Document Processing
How George AI converts documents into searchable, AI-ready content
What is Document Processing?
Document processing is the automated pipeline that transforms raw files (PDFs, Word docs, images) into text content and vector embeddings that can be searched semantically and used by AI assistants.

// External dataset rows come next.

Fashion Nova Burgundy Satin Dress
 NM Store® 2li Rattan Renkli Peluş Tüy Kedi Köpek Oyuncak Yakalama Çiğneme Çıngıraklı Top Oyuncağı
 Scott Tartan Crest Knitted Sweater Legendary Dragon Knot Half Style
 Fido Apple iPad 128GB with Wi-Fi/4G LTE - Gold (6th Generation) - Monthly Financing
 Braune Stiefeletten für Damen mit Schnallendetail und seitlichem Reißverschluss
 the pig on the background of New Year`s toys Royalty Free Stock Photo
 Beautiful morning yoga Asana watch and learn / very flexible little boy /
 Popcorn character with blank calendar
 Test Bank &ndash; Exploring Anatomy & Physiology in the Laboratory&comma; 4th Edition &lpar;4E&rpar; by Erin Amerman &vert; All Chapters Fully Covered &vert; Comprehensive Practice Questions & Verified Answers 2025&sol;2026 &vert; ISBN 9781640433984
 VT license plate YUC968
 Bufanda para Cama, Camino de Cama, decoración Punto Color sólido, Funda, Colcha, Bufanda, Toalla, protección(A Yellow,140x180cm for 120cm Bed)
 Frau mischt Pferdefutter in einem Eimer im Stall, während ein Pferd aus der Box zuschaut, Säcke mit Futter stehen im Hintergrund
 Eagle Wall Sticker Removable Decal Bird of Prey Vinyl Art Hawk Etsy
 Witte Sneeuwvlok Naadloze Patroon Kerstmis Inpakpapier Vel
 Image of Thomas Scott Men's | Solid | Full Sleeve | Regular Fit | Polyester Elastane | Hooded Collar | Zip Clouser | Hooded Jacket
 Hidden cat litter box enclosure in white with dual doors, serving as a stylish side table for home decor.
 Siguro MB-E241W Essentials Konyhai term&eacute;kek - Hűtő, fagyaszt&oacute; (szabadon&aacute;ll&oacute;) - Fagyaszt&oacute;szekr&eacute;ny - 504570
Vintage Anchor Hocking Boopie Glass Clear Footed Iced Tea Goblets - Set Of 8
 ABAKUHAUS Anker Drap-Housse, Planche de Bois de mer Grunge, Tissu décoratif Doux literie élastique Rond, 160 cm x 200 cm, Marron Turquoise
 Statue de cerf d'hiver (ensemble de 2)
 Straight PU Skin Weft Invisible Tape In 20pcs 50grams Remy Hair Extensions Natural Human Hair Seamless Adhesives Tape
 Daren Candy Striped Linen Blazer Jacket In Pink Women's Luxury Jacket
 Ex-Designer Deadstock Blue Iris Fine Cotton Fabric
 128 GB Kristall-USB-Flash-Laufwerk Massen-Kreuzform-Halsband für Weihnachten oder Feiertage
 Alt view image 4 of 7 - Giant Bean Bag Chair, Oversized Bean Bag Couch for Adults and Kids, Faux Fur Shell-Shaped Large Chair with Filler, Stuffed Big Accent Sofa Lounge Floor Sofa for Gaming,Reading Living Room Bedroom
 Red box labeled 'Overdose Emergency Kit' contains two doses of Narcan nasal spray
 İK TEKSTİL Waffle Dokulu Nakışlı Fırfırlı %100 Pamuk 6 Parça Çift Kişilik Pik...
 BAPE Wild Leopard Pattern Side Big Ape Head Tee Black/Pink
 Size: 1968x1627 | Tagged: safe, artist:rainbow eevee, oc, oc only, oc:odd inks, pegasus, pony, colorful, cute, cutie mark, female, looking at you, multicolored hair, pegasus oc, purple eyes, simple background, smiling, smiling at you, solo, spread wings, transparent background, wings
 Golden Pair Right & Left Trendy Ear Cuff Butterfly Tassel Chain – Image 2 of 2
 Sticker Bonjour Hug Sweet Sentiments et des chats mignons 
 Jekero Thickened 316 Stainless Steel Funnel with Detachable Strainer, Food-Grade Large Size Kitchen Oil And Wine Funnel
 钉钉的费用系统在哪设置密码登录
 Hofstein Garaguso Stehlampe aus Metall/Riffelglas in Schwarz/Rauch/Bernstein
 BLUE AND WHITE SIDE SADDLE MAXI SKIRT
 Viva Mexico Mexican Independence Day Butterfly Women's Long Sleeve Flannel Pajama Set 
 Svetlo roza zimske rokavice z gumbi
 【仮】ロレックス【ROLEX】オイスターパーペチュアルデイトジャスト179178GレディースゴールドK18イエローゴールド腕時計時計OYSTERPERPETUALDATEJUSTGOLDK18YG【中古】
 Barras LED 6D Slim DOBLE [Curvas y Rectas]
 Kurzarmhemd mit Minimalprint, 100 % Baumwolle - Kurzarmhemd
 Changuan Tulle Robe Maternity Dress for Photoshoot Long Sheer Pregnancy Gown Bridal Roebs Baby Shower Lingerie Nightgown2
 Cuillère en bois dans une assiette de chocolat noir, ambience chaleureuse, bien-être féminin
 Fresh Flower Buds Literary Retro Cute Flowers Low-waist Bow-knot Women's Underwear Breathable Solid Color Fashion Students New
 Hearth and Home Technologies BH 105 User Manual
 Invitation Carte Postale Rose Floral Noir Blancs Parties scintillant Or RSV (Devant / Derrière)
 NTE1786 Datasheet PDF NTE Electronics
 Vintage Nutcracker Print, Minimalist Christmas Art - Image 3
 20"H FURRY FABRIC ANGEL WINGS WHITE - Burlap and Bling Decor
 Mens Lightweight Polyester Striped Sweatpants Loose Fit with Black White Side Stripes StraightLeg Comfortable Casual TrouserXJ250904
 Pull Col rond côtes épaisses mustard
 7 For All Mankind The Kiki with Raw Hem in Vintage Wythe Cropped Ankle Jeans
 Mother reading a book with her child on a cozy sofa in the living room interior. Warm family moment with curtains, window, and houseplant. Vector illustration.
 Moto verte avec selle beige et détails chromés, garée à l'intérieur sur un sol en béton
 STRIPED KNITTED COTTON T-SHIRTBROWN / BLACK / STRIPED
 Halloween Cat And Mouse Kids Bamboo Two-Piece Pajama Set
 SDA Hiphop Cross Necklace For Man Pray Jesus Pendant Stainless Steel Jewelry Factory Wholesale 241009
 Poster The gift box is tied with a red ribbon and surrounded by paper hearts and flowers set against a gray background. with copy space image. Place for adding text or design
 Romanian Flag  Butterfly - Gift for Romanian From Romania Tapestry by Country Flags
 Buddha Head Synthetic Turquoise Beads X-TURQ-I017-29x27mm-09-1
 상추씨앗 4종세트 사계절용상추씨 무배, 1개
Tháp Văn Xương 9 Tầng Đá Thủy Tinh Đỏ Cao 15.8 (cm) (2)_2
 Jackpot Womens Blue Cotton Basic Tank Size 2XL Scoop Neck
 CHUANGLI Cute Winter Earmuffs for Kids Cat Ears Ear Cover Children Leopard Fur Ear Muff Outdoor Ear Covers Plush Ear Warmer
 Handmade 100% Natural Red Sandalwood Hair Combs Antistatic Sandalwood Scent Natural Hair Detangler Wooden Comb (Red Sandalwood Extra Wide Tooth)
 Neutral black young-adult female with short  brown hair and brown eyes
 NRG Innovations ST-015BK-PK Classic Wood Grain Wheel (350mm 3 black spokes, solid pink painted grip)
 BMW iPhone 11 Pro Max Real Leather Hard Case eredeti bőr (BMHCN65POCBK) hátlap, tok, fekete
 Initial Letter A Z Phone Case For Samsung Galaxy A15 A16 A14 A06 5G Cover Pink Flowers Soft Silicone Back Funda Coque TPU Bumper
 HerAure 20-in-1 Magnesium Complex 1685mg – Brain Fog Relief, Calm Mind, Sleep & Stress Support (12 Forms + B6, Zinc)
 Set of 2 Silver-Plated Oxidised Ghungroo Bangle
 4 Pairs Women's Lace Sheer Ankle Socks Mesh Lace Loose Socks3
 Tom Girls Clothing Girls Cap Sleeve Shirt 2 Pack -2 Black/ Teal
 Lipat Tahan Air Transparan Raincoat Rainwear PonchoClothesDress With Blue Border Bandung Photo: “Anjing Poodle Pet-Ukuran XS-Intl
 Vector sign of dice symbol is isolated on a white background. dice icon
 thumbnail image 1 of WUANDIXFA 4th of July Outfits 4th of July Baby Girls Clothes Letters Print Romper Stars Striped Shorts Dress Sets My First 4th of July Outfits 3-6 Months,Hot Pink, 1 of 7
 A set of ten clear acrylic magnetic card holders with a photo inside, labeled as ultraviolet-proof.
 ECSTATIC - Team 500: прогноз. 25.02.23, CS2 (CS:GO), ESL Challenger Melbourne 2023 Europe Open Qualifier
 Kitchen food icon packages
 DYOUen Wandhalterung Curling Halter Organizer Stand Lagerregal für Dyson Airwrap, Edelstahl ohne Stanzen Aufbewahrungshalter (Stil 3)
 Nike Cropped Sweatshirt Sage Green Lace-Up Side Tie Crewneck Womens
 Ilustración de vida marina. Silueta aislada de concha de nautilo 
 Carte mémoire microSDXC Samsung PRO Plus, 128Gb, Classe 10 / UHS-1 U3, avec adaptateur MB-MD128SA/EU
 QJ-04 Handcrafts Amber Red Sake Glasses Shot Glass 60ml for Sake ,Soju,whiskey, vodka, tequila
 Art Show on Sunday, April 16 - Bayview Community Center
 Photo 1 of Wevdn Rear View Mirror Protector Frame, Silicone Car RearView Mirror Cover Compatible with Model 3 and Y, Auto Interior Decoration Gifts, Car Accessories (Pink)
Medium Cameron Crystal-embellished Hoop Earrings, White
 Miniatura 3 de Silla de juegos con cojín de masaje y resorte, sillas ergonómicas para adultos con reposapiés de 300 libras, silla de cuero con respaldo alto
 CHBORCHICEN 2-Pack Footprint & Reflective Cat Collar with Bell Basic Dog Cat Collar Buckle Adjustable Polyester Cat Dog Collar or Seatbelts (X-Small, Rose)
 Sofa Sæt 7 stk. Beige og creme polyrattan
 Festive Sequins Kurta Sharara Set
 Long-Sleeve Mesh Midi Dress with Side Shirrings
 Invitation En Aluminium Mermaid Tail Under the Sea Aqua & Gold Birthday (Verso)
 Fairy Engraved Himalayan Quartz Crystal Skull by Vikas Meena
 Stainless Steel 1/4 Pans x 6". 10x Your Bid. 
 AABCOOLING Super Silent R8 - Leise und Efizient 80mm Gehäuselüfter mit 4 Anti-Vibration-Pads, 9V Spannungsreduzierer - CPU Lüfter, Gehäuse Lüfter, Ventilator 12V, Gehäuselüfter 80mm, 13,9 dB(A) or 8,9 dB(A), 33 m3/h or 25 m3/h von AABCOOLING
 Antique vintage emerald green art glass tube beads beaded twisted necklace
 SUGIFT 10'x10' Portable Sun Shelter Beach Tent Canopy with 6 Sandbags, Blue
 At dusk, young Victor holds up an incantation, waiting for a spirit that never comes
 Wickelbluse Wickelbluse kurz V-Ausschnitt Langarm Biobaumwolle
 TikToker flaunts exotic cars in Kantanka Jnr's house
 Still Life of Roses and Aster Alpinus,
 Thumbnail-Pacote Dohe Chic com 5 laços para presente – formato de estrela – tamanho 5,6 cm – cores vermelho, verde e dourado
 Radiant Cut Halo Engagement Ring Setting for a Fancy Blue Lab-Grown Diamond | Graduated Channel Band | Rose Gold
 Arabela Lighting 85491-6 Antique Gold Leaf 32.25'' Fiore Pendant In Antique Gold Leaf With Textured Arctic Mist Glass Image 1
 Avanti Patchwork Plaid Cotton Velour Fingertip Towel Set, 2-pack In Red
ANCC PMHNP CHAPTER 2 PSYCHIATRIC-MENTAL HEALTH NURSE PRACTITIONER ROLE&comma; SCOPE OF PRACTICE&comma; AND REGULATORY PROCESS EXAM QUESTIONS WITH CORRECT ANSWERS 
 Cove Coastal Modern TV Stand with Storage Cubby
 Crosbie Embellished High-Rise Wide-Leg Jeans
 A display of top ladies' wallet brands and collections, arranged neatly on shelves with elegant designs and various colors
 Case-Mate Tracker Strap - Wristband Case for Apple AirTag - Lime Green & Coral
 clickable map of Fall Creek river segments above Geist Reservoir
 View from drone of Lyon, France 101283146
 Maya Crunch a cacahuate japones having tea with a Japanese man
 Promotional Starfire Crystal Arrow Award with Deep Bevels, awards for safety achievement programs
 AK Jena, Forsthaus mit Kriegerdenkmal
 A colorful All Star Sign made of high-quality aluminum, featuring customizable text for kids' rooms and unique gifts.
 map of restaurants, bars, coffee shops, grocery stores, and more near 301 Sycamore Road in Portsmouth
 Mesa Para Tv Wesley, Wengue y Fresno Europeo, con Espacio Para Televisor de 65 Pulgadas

Every file uploaded or crawled into a Library goes through this processing pipeline automatically, managed by a background queue system.
Extraction
Converts documents to markdown text using format-specific parsers and OCR for images
Embedding
Splits text into chunks and generates vector embeddings for semantic search
Processing Pipeline
When a file is uploaded or crawled, a processing task is automatically created and queued:
Task Creation
A content processing task is created and added to the queue with status pending
Status: pending Processing started: (waiting) Extraction Phase
Text and images are extracted from the document based on its format
Extraction Methods:
- • PDF: Text extraction + OCR for images
- • Office (Word, Excel, PPT): Native parsers
- • Images: Vision model OCR
- • Archives: Extract and process contents
- • HTML/Markdown: Direct conversion
Configuration Options:
- • Enable/disable text extraction
- • Enable/disable image processing
- • OCR model selection
- • OCR prompt customization
- • OCR image scale
- • OCR timeout
Settings configured at Library level
Status: extracting Extraction started: 2025-01-15 10:30:15 Output: document.md (extracted markdown) Embedding Phase
Extracted text is chunked and converted to vector embeddings for semantic search
| Step | Description |
|---|---|
| 1. Chunking | Text is split into smaller chunks (paragraphs or sections) for efficient processing |
| 2. Embedding | Each chunk is converted to a vector embedding using the configured AI model |
| 3. Storage | Embeddings are stored in Typesense vector database for fast semantic search |
Status: embedding Embedding started: 2025-01-15 10:30:45 Chunks created: 127 Embedding model: nomic-embed-text Embedding Configuration (Library-level):
- • Embedding Model: Which AI model to use (e.g., nomic-embed-text, mxbai-embed-large)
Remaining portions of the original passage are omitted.